Search code examples
phpregexpreg-replaceregexp-replace

Regex (php) to match single [ or single ] but ignore anything between [[ ]]?


I have a string, and within it there will be combinations of [ ] [[ ]] ][ but I need to replace the single [ and ] with < and > but leave alone (don't match) anything that is between [[ ]].

I thought I could do this with a regex, but I'm really struggling to get it to work because the complexity is just beyond me at the moment.

Example string:

[a] [b]  <- should replace every [ with < and every ] with > so <a> <b>

[a][b]   <- should replace every [ with < and every ] with > so <a><b>

[[abc][a][b]]  <- should not replace anything. will always start with [[ and end with ]]

So thinking about this logically, I can do it in a loop with PHP but I really want to try and use a preg_replace if possible.

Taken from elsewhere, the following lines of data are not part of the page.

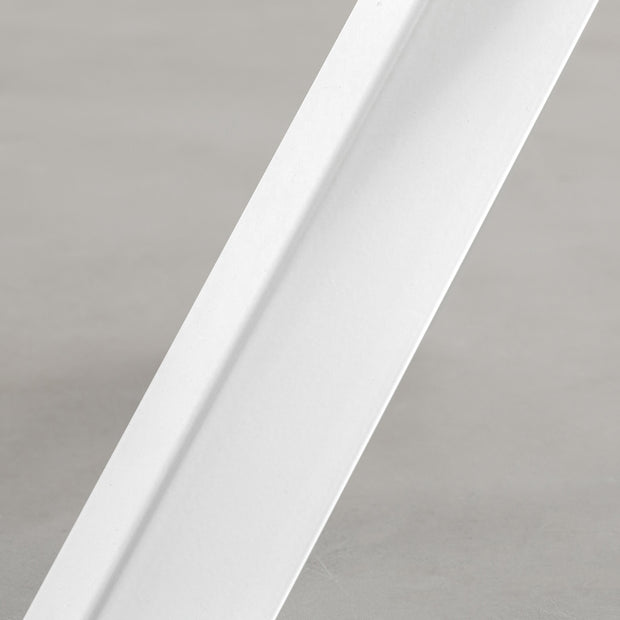 KanademonoのアイアンチューブのXラインが珍しくデザイン性の高いカフェテーブル脚（アイアンチューブ・クローズアップ）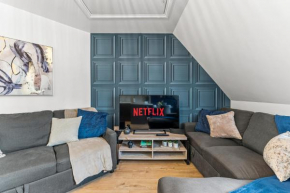 The Modern Gems of Central Canterbury - Sleeps 14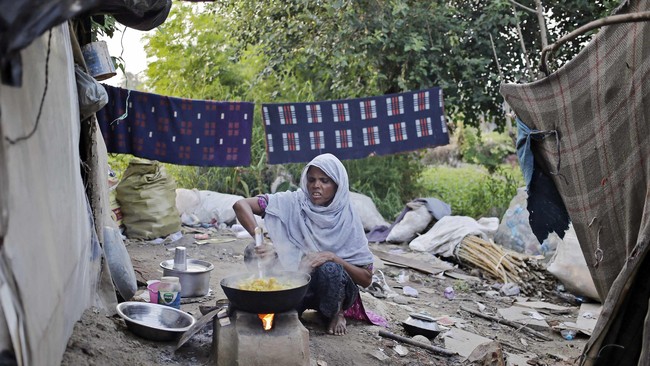 Terusir dari tanah kelahiran, terlantar di negeri orang. Dari tahun ke tahun, etnis Rohingya kerap mendapat perlakuan diskriminatif. Siapakah mereka?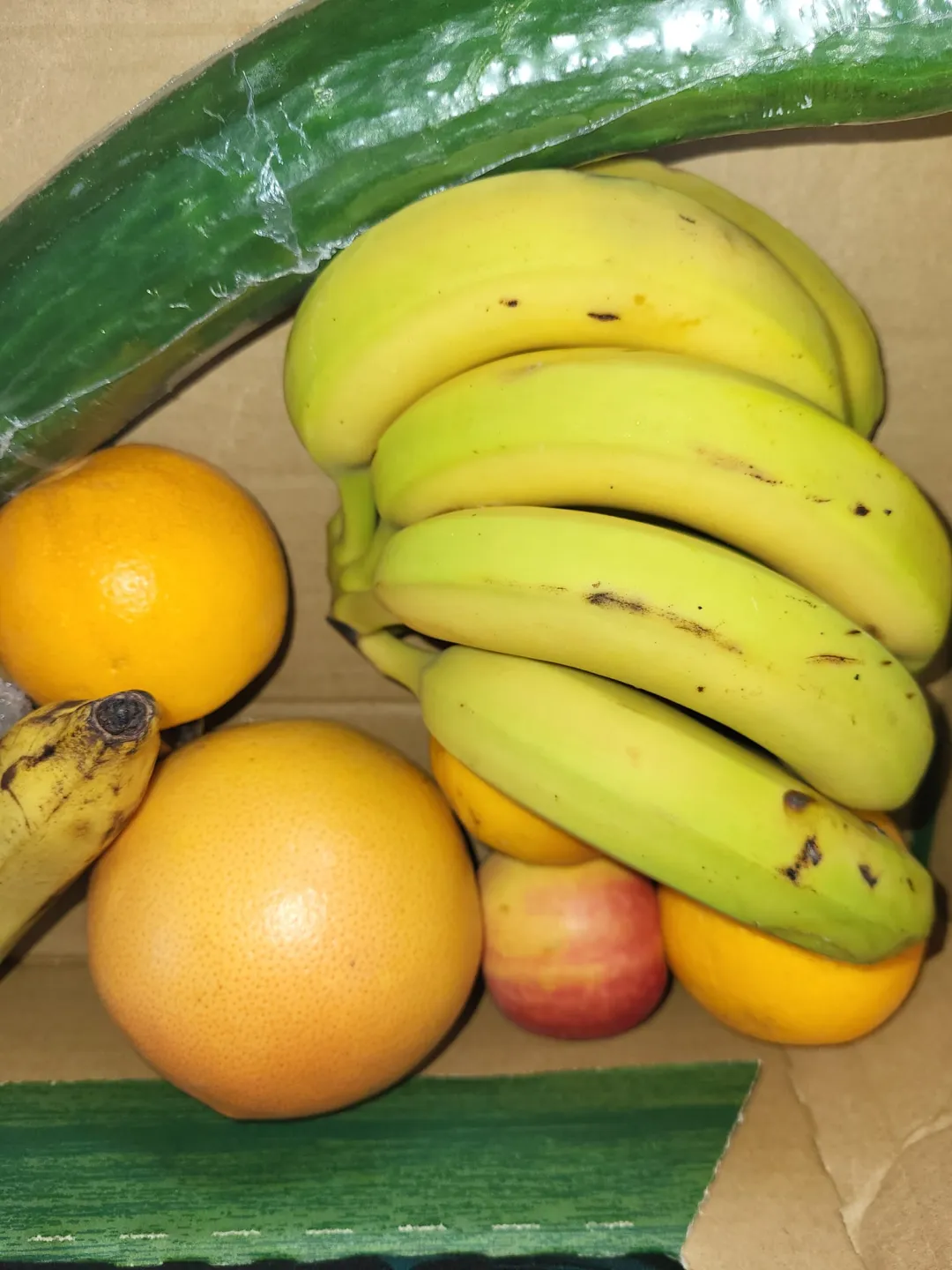 Photo from Jayne's Baby Bank (main page), 5 Aug 2024: Fruit and veg box s that went our today for FREE, not £5 a bag - for Free. Thank you to everyone who collected promptly.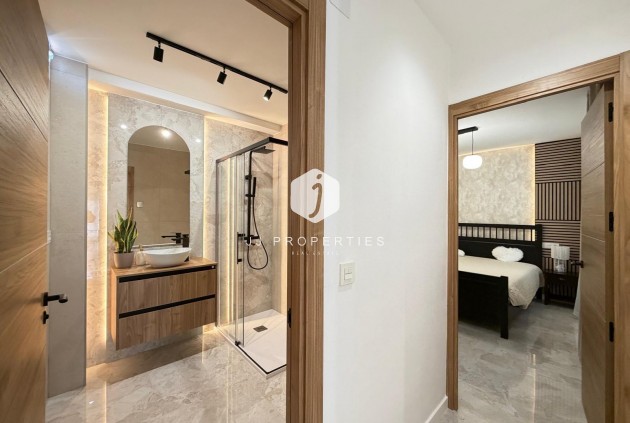 Z drugiej ręki - Daszek -
Torrevieja - Estacion de autobuses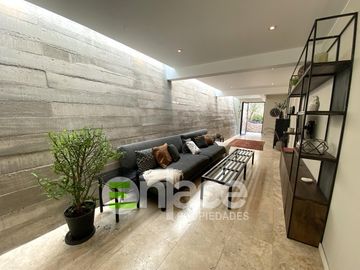 Hermosa casa de Campo a la Venta en Condominio La Quebrada con espectacular vista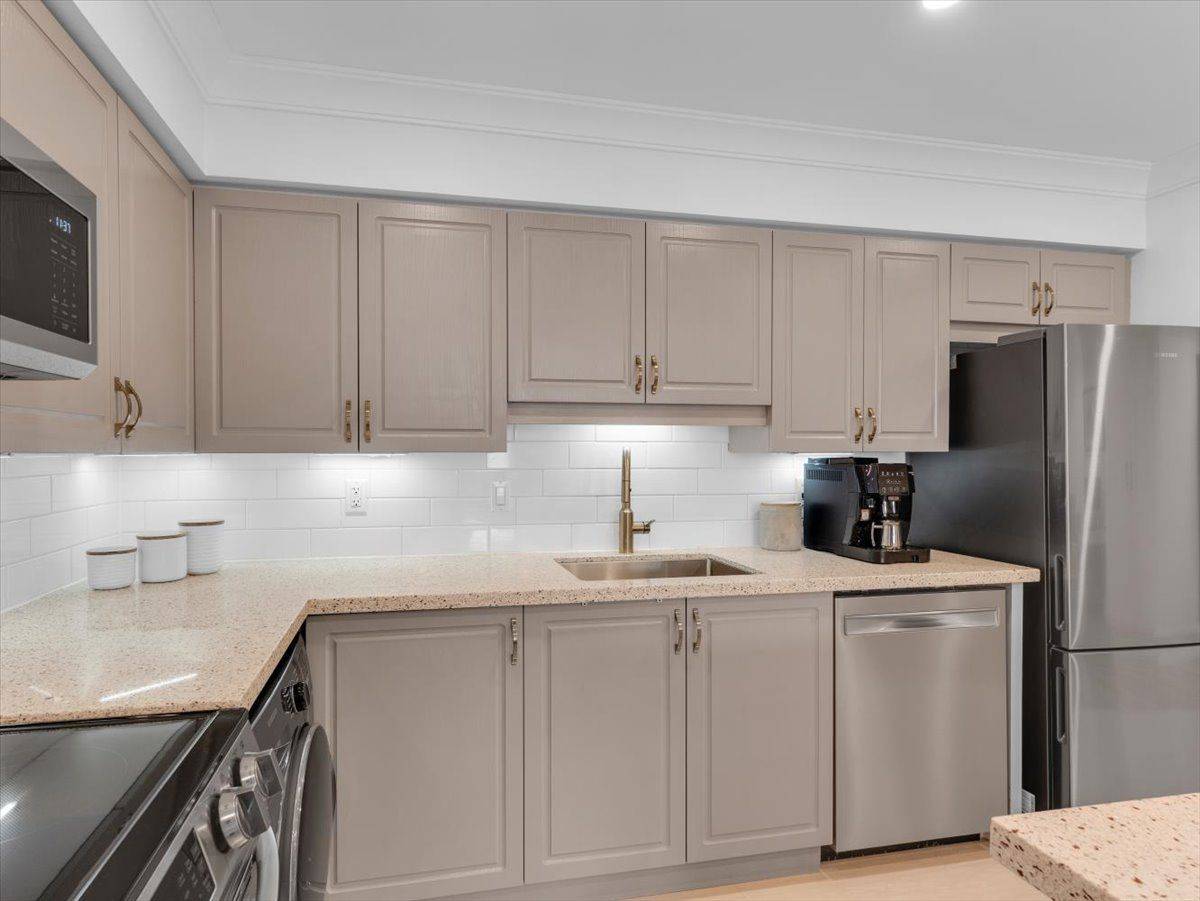 Newmarket, ON L3Y 7C3,260 Davis DR #1007
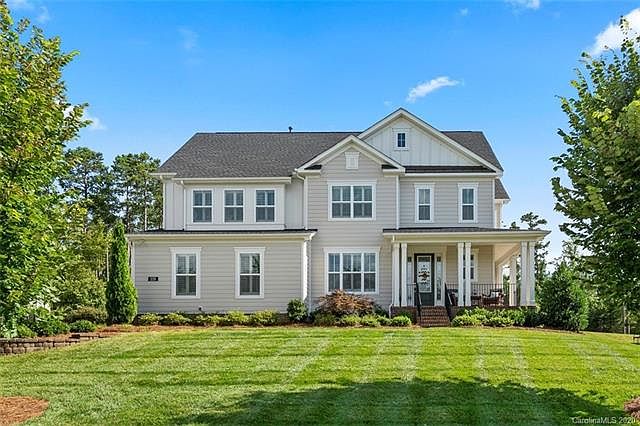 1st image of 225 Monteray Oaks Cir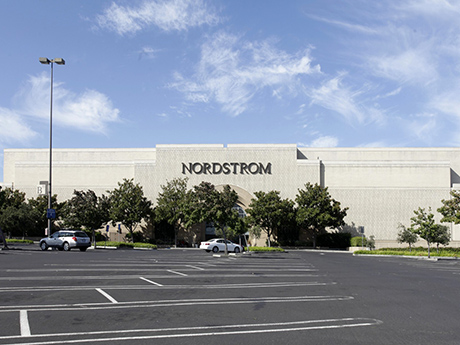 Nordstrom-Pleasanton-Calif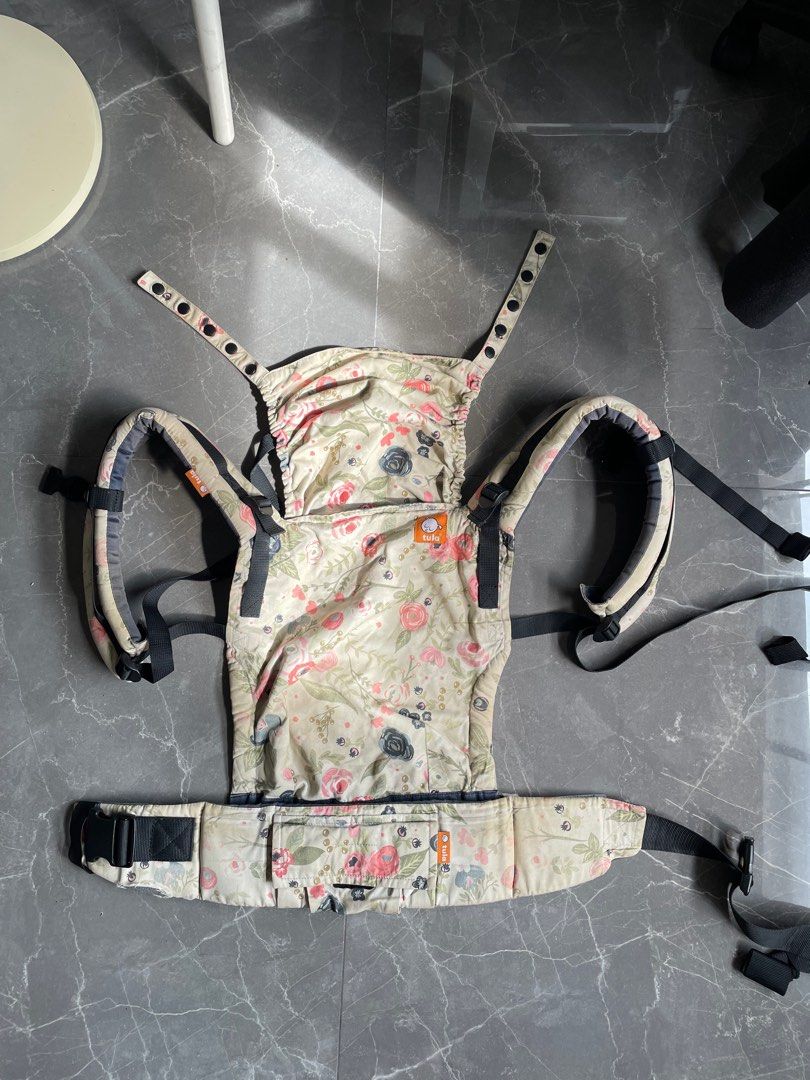 Limited Rosy Posy FTG Tula baby carrier with drool pads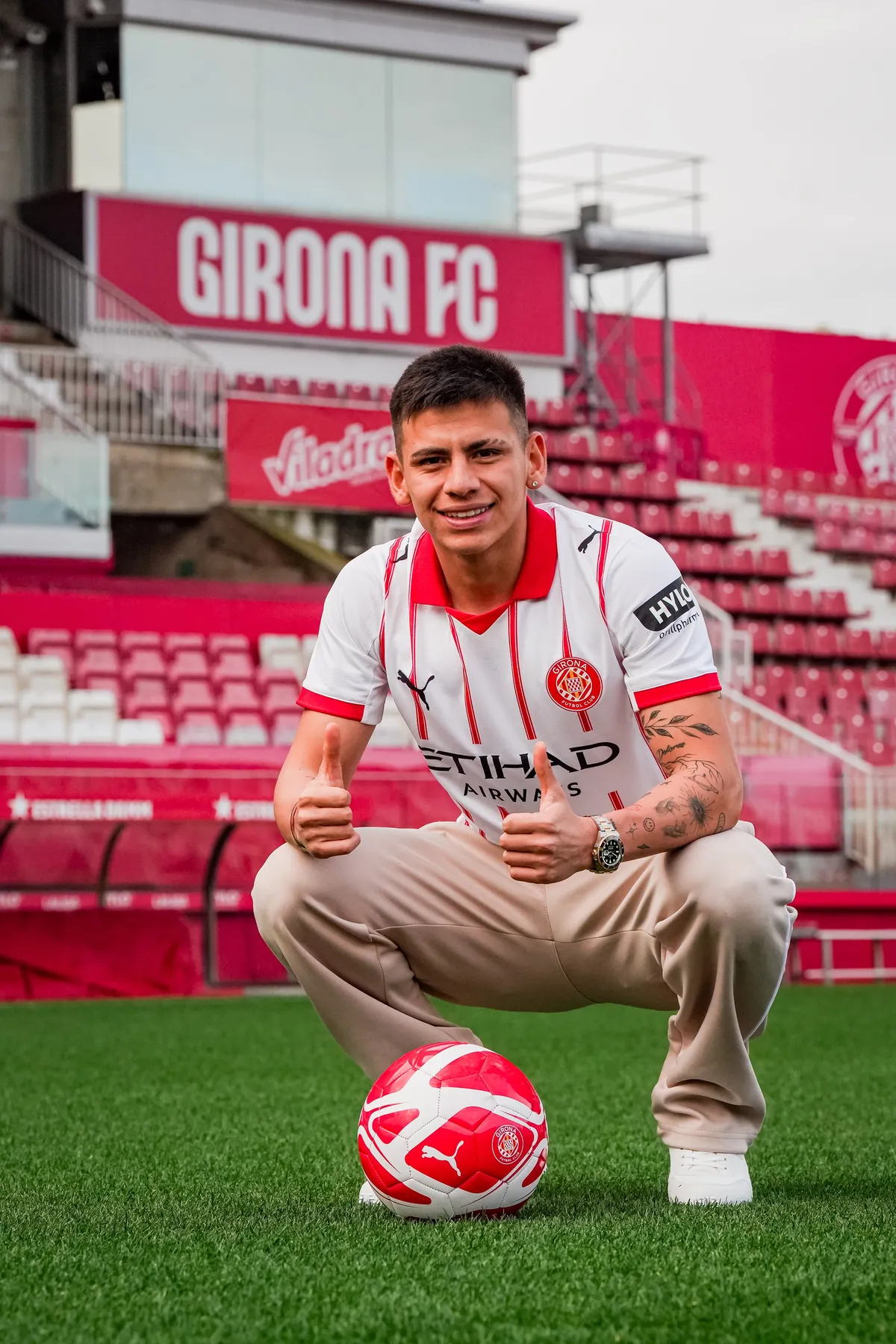 Claudio Echeverri ya viste los colores del Girona.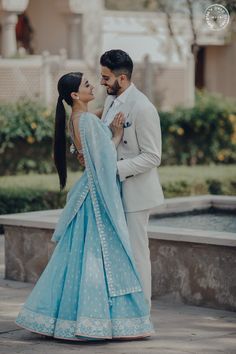 Engagement Poses For Couple Outdoor, Prewedding Photography Indian Couple Shoot, Indian Prewedding Photoshoot, Pre Wedding Photoshoot Outdoor Indian, Prewedding Photography Indian, Prewedding Photoshoot Ideas, Prewedding Poses, Engaged Photography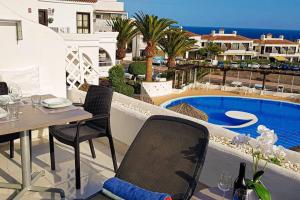 Grazioso appartamento piscina e vista mare SC770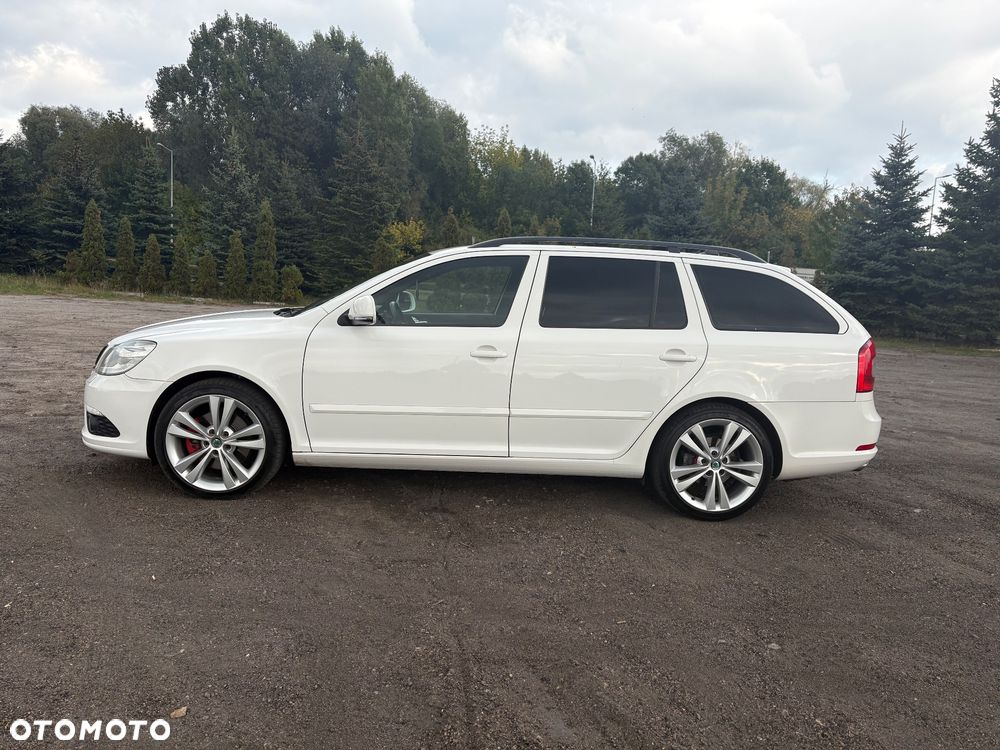 Skoda Octavia Combi 2.0 TDI CR DPF DSG RS - 2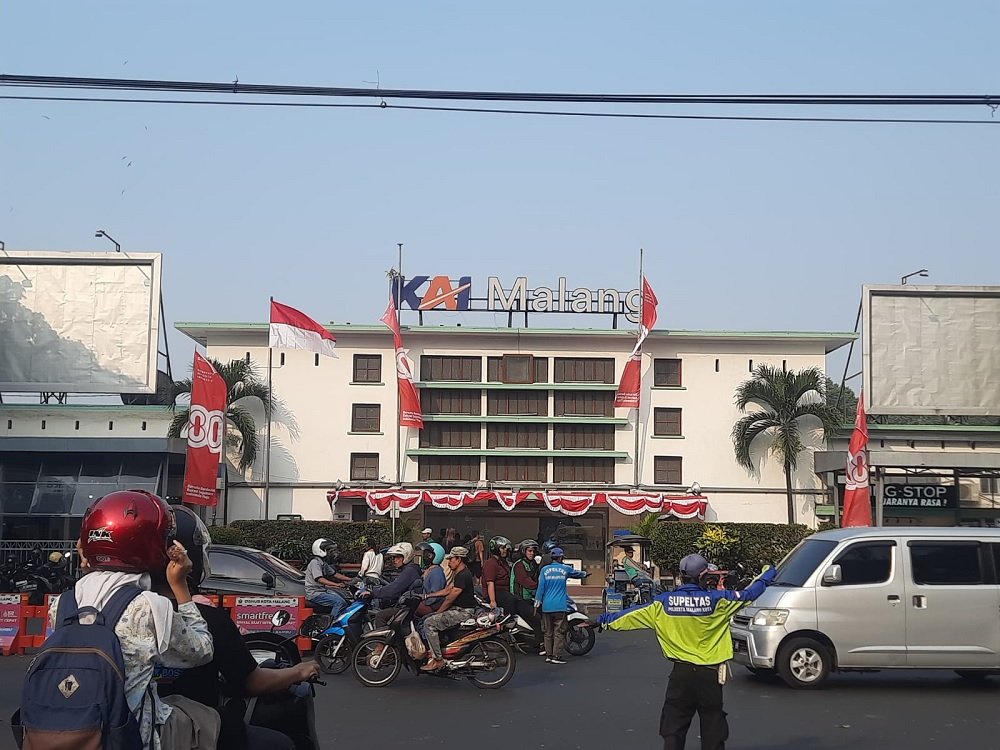 Ojol Naik Turunkan Penumpang Sembarangan di Stasiun, Pemkot Malang Bantu Koordinasikan Pembangunan Shelter Ojol ke Pemprov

The logic, as far as I can decipher is to replace [ with < and ] with > EXCEPT between a [[ and ]] but I'm not sure if I can even do that in a regex. I can make it work partially by using lookahead/lookbehind but that still then matches [ and ] between [[ and ]] (e.g. [[ [a] ]].

So far I've got

    /(?<!(^|)\[)\[[^\]\[\[]*\]/gmi

Working to spot [a] but not [[a]] but fails if I have [[a [b] c]]. At this point I'm not worried about the replacement, I just need to get the regex working to match / not match.


Solution

  • You can use

    preg_replace('~(\[\[(?:(?!\[\[|]]).|(?1))*]])(*SKIP)(*F)|\[([^][]*)]~s', '<$2>', $text)
    

    See the PHP demo and the regex demo.

    Details:

    • (\[\[(?:(?!\[\[|]]).|(?1))*]])(*SKIP)(*F) - Group 1: [[, zero or more occurrences of any char that is not a starting point of the [[ or ]] char sequences or the whole Group 1 pattern recursed, and then ]], and once the match is found, it is skipped, the new search starts at the failure location
    • | - or
    • \[([^][]*)] - a [, then zero or more chars other than [ and ] captured into Group 2, and then a ].